Globalement, le ton du discours du ministre était, comme c’est souvent le cas, à l’autosuffisance et à l’autosatisfaction. Pour lui, tout est pour le mieux. En témoignent ses réponses évasives aux demandes d’éclaircissements de l’auditoire. Le ministre, toujours sous prétexte qu’il est nouveau dans son poste, s’est montré fuyant et expéditif.

Ainsi, s’agissant de l’harmonisation de l’imposition entre l’off-shore et l’on-shore, il a indiqué que tout accord sur cette question doit prendre en considération la stabilité sociale et l’importance du nombre d’emplois fournis par l’off-shore. Mais on fait quoi, quand on a le couteau de l’UE sur la gorge? On tergiverse et on va dans le mur? On fait comme si ce problème n’existe pas au risque de voir la Tunisie maintenue dans la liste noire des paradis fiscaux?

Concernant l’Aleca, M. Feriani a répondu ce que l’on sait déjà, à savoir que les négociations se poursuivent à un rythme soutenu entre Tunis et Bruxelles.

Au sujet de l’industrie automobile, il a indiqué que le gouvernement est disposé à fournir toutes les facilités (fiscales?) pour tout partenaire stratégique désireux de lancer un mégaprojet dans le pays.

En ce qui concerne le soutien aux PME, le ministre a plaidé pour des mécanismes de financement alternatifs aux banques, précisant, à ce propos, que son département est en train de travailler sur un projet de loi sur le crowdfunding (financement participatif), et qu’un programme d’une valeur de 100 millions de dinars tunisiens (MDT) sur 3 ans et 150 MDT pour l’année d’après, est en train d’être élaboré.
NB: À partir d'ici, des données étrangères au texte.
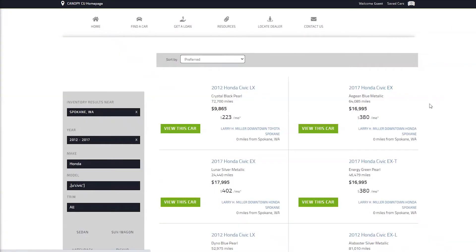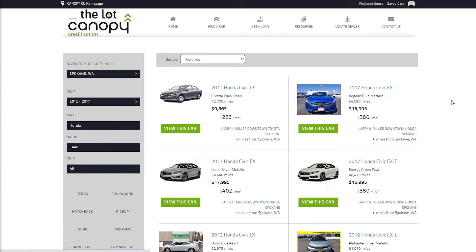If you need help with research, we have an awesome auto buying resource called The Lot where you can shop inventory from local dealerships, access Carfax reports, and have a much more enjoyable car shopping experience. Do your research before you ever go visit a dealership.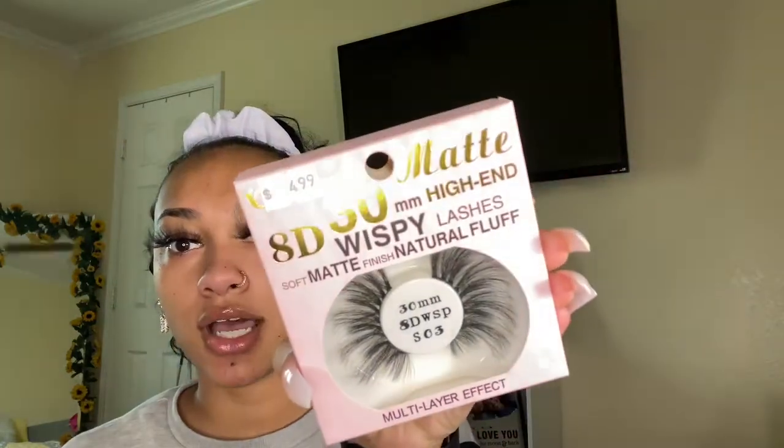We got one more pair — the number 3s. The 3s are kind of like these 15s, but they go from shorter to long to short again, so it's going to give me a different look. Instead of being full at the end it'll be shorter at the end. These ones look cute too — they're a little bit more wispier than the 15s. I'm gonna put these on real quick.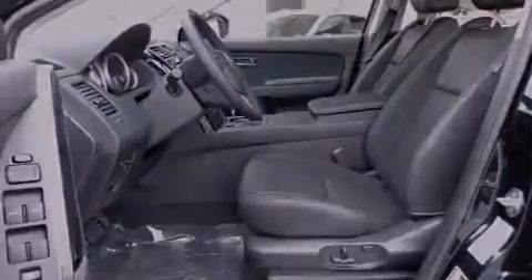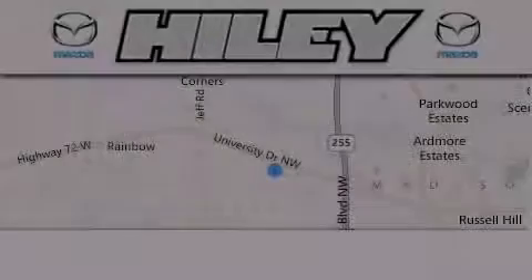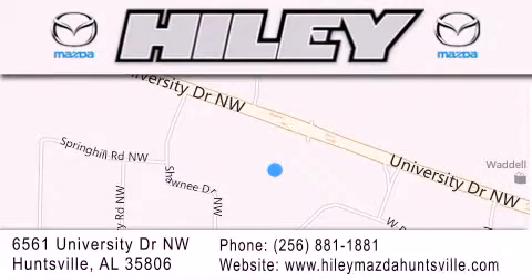Contact us today and schedule your opportunity to see this vehicle in person. Highley Huntsville is located at 6561 University Drive Northwest in Huntsville. Our goal is to exceed all of your expectations to ensure that you'll return for future visits.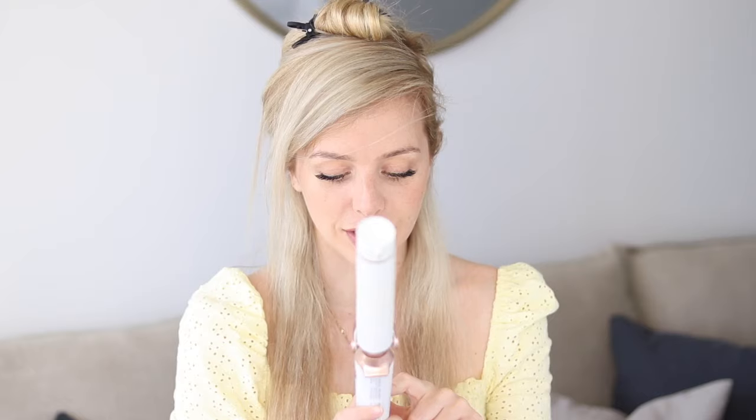Hey everyone, welcome back. Today I thought it'd be a lot of fun to finally share with you how I achieve these big, bouncy, long-lasting, voluminous curls. I'm going to be sharing with you all of my tips and tricks, my favorite products to create volume and body, and how to ensure that your curls last for days, even through all this humidity.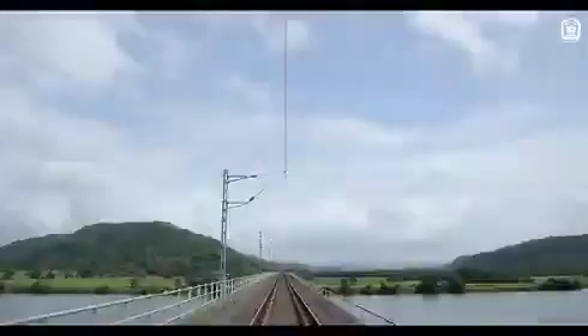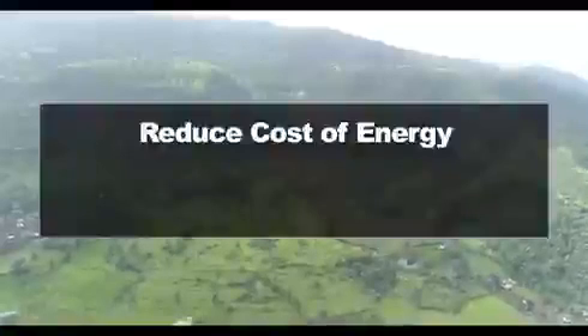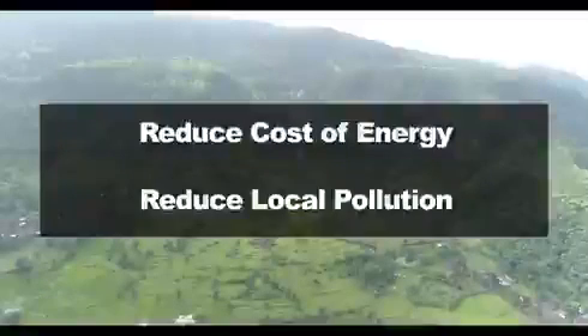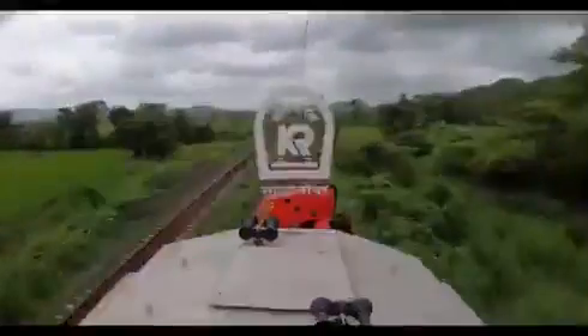Konkan Railway is getting ready for its new makeover, which shall reduce the cost of energy and shall reduce local pollution, preserving mother nature and bringing more smiles on the face of our patrons. Konkan Railway — we serve.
Répondant à la question relative à la fuite des cerveaux, M. Feriani a considéré que les Tunisiens qui se distinguent à l’étranger sont perçus, officiellement, comme de bons ambassadeurs pour la Tunisie, notant que pour garder les compétences tunisiennes, il faut instituer des incitations en leur faveur. C’est à peine s’il ne s’est pas félicité des rentrées de devises fortes qu’ils rapportent au pays.

Les nouvelles tendances industrielles occultées

Par-delà les préoccupations de l’off-shore et les réponses du ministre, ce débat a été le moins qu’on puisse dire frustrant pour une raison simple : il n’a abordé, à aucun moment, les nouvelles tendances industrielles dans le monde et la possibilité de les développer en Tunisie. Au nombre de ces industries futures, figurent la révolution de l’intelligence artificielle, de l’économie numérique et de la digitilisation, le développement de l’agroalimentaire et l’enjeu d’y créer une valeur ajoutée à travers l’intensification de l’investissement dans le conditionnement, le pari sur les énergies vertes et les opportunités que leur développement offre en matière d’industrialisation et d’indépendance énergétique, l’émergence de nouvelles industries telles que culturelles ou sportive…

Cela pour dire que le débat sur l’avenir de l’industrie tunisienne est encore à refaire et, surtout, à repenser.